Source material:
____________
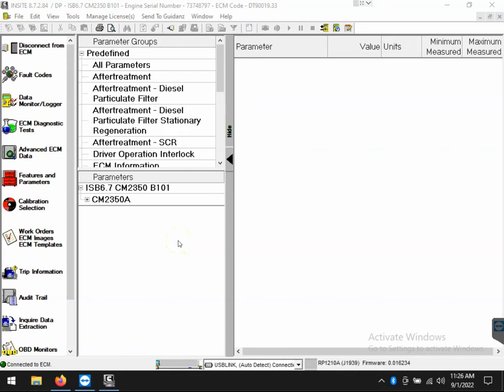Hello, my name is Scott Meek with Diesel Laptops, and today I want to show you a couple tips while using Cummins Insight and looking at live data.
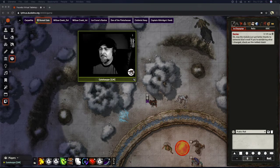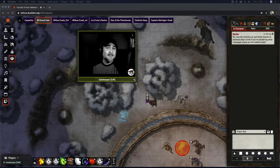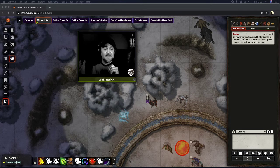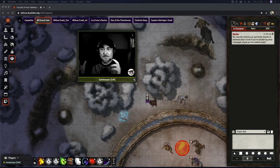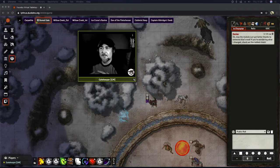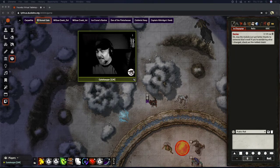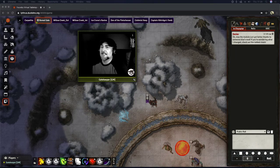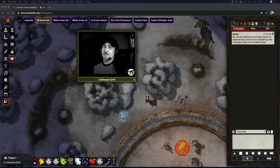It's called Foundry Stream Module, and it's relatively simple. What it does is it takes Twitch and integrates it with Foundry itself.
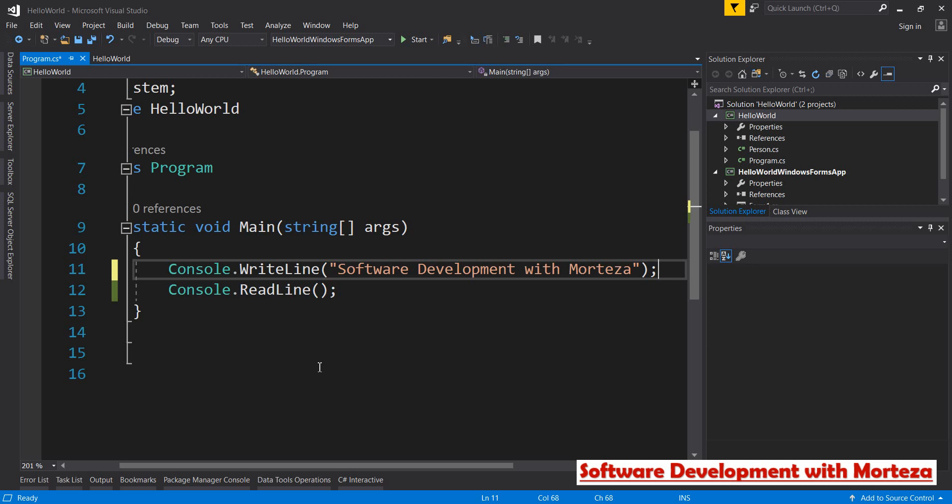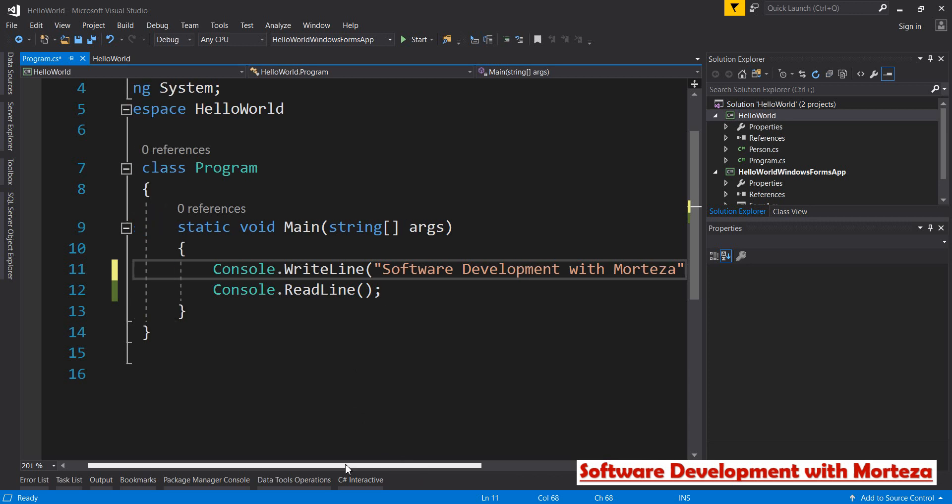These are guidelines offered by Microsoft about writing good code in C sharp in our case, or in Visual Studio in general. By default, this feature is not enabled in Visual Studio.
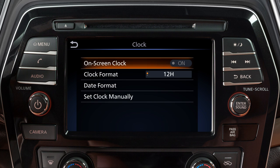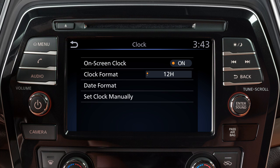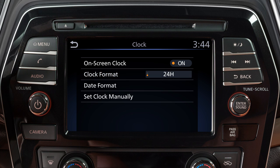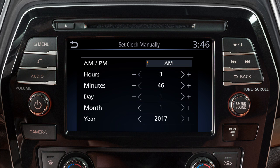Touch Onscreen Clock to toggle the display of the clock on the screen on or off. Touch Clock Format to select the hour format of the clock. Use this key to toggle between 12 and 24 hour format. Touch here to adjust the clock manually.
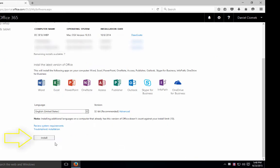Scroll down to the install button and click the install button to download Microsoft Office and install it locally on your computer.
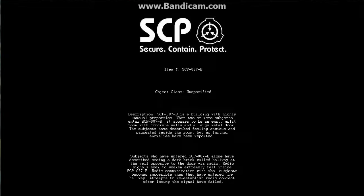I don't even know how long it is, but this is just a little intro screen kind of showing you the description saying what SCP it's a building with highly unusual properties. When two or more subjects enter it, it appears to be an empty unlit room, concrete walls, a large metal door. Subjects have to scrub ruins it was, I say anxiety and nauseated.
____________
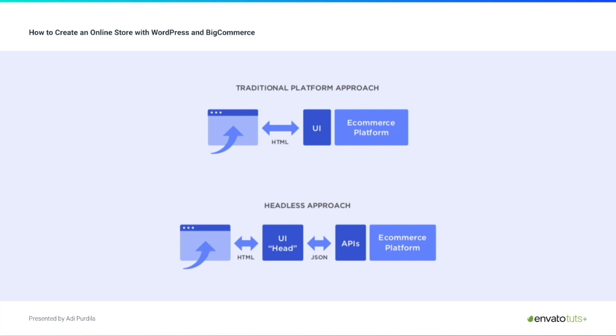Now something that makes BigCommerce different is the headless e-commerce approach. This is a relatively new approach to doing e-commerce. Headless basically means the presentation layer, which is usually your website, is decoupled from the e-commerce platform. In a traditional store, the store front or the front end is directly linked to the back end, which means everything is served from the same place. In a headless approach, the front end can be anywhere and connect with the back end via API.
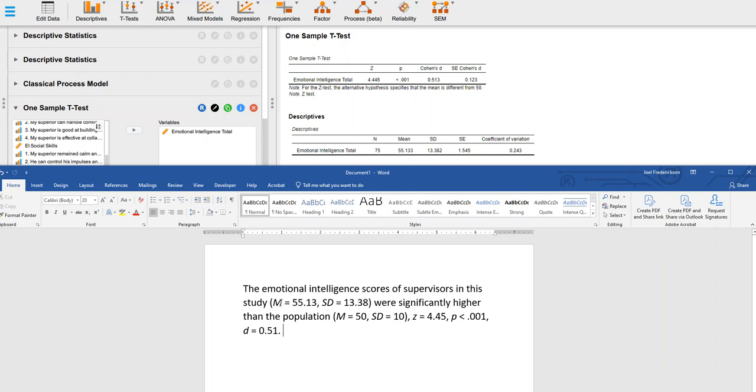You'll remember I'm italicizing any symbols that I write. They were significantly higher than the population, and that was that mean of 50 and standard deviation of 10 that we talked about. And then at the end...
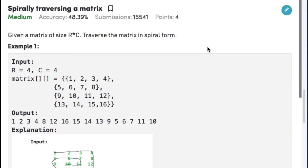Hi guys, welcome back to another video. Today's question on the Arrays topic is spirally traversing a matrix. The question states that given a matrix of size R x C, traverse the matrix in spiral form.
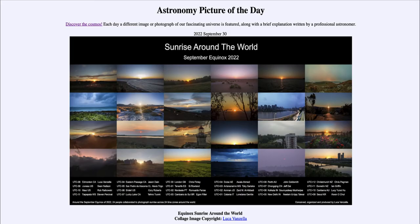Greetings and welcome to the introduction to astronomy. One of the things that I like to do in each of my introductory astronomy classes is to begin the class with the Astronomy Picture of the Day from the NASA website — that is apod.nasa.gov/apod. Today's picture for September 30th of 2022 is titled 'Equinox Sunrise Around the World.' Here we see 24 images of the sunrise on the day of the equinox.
____________
Aim of the task: Excerpt from the records above: set down only the lines from the one that contains "Hello, my name" through the one that contains "These are guidelines", inclusive, word for word. Pictures stay out.

Completed task:
Hello, my name is Scott Meek with Diesel Laptops, and today I want to show you a couple tips while using Cummins Insight and looking at live data.
It's called Foundry Stream Module, and it's relatively simple. What it does is it takes Twitch and integrates it with Foundry itself.
These are guidelines offered by Microsoft about writing good code in C sharp in our case, or in Visual Studio in general. By default, this feature is not enabled in Visual Studio.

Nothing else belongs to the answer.